Mike Bullshit of Bullshit Monthly wrote: "I can't describe this record. Every song on the E.P. has something special about it... Bits of hardcore, psychedelia, punk and kazoo mixed in together to achieve god-like potential. They are a complete venture into the completely improbable where anything can happen, and it does..."

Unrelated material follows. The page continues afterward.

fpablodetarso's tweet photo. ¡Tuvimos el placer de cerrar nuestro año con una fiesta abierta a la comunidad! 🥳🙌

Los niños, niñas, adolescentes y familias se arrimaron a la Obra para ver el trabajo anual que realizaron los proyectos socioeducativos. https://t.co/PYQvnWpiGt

Tim Yohannan of Maximum Rocknroll wrote "Expand your Mind and Shorten your Life" "is one of the six songs, and that typifies the 'zany' outlook expressed by this combo. Musically they play a grungy, noisy, but tight garage metal-tinged thrash. Unique."

== Ludichrist ==

Ludichrist was an early hardcore thrash band from Long Island, NY which released two albums: Immaculate Deception (1986) and Powertrip (1988).

=== Demos ===
After multiple rehearsals and performances, Ludichrist recorded its second effort (and first since Cummings joined): "Ludichrist– The Demo" featuring new arrangements of the songs featured on the previous demo plus the new songs "Games Once Played" and "Young, White and Well Behaved".

In the October 1985 Maximum Rocknroll contributing writer Pushead ( Brian Schroeder) wrote: "Wild, chaotic, intense and full of different variations, Ludichrist charge outward with a superb sonic flailing."

=== Immaculate Deception and Powertrip ===
Ludichrist's 1986 release Immaculate Deception features Cummings paired with guitarist Joe Butcher and was recorded at Platinum Island Sounds in Manhattan with Randy Burns producing.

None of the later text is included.